Um den Befehl beim Booten automatisch zu starten, tragen wir ihn bei SuSE in "/etc/init.d/boot.local" ein, bei anderen Distributionen gibt es ähnliche Möglichkeiten.

Fertig.

*3. Individuelle Lüftersteuerung per Script (optional)*

Im Dateianhang findet ihr mein Script nx6125-fancontrol, das die Steuerung der Lüfter komplett übernimmt. In Zeile 26 sind die Lüfternamen definiert (können je nach BIOS-Version abweichen), und in den Zeilen 27 und 28 die "Trip Points", bei denen die Lüfter ein- und ausgeschaltet werden. Durch Anpassen dieser Werte läßt sich ein beliebiges Lüfterverhalten programmieren.
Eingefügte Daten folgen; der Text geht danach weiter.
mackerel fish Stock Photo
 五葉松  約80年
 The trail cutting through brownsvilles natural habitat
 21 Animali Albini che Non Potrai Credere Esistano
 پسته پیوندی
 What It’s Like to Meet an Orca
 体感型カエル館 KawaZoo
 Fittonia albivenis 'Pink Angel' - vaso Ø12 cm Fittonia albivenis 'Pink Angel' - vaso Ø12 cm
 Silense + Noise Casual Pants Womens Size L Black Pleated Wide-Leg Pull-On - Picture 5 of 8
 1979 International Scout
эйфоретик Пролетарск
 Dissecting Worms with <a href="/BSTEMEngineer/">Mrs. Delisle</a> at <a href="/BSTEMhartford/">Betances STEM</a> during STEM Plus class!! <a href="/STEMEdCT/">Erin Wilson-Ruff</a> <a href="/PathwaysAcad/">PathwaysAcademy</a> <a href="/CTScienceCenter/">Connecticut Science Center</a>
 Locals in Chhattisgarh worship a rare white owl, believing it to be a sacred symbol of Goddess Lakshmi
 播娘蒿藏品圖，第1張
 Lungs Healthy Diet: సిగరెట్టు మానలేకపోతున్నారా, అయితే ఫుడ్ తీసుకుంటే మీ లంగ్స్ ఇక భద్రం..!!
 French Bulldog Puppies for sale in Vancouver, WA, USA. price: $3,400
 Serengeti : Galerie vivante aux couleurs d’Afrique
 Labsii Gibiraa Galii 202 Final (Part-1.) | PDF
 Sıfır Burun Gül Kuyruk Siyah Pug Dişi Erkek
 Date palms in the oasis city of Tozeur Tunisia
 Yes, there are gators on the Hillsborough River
Es sollte nach acpid und powersaved gestartet werden, da diese offenbar die Trip Points wieder resetten.

Achtung: Das Script ist eine Alphaversion und wenig getestet, Benutzung nur durch Fortgeschrittene und auf eigene Gefahr :-).

------------------------- Ende ------------------------
Edit 16.02.06: Pkt. 2 vereinfacht
Edit 27.02.06: Rechtschreibung

----------